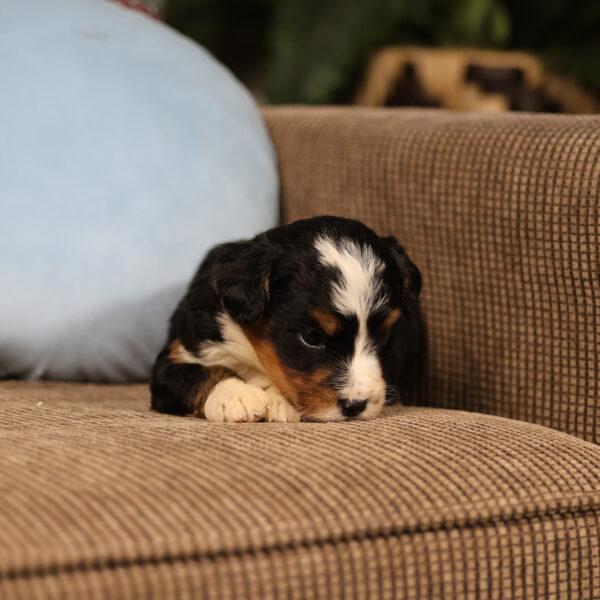 puppies for sale in pa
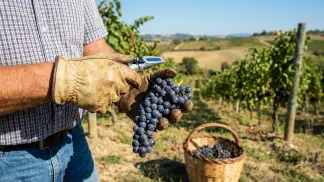 Miniatura do artigo de Gestão Agrícola: Ponto de Colheita da Uva: Como Medir Brix e Acidez [2025]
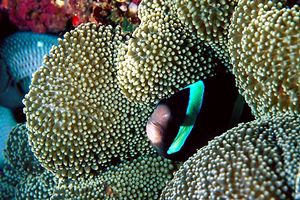 Pesce pagliaccio di Clark (Amphiprion clarkii)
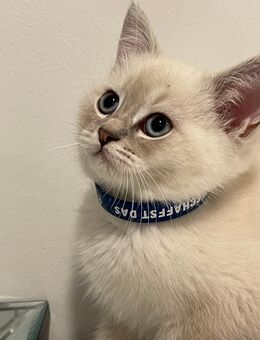 BKH Katzen Kitten - Hamburg Harburg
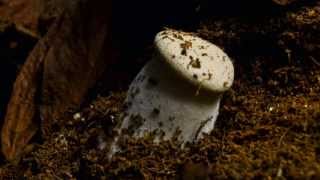 King Oyster mushroom  Pleurotus eryngii  Time Lapse [upl. by Ytissac]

--- Problem details ---
Write the lines from the line containing "Pesce pagliaccio di" through the last line of the data out again exactly, and only those lines; pictures stay out.

--- Reply ---
 Pesce pagliaccio di Clark (Amphiprion clarkii)
 BKH Katzen Kitten - Hamburg Harburg
 King Oyster mushroom  Pleurotus eryngii  Time Lapse [upl. by Ytissac]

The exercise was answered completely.